Pre-locus coeruleus is a small nucleus in the brainstem. This small cluster of neurons also is referred to by the abbreviation "pre-LC". It was named "pre-LC" because it lies just rostral to (in front of) the locus coeruleus, which is commonly abbreviated "LC".

==Definition==
The pre-locus coeruleus was first formally defined during the course of neuroanatomical tract-tracing and c-Fos experiments aimed at uncovering the connections and functions of aldosterone-sensitive HSD2 neurons in the nucleus of the solitary tract.

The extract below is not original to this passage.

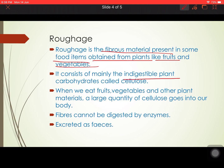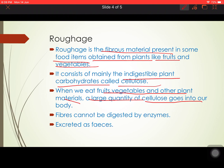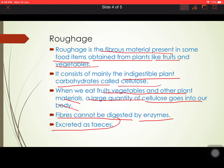This fibrous material is mainly the indigestible plant carbohydrate called cellulose. Whatever fibrous material we consume, that indigestible part of the plant carbohydrate cannot be digested in our digestive system because there are no enzymes in our body that can break down cellulose. So when we eat large quantities of vegetables, fruits, and other plant material, that cellulose passes into our body and is excreted as feces.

First, HSD2 neurons were found to innervate the pre-LC, as evidenced by (1) dense labeling with an anterograde axonal tracer in pre-LC after that tracer had been injected into the nucleus of the solitary tract and (2) the complementary finding of retrograde labeling of HSD2 neurons after injection of a retrograde tracer into the pre-LC. Further, experimental conditions which activate the HSD2 neurons simultaneously activate a cluster of neurons in pre-LC, in the same location as axon terminals labeled with an anterograde tracer from the NTS.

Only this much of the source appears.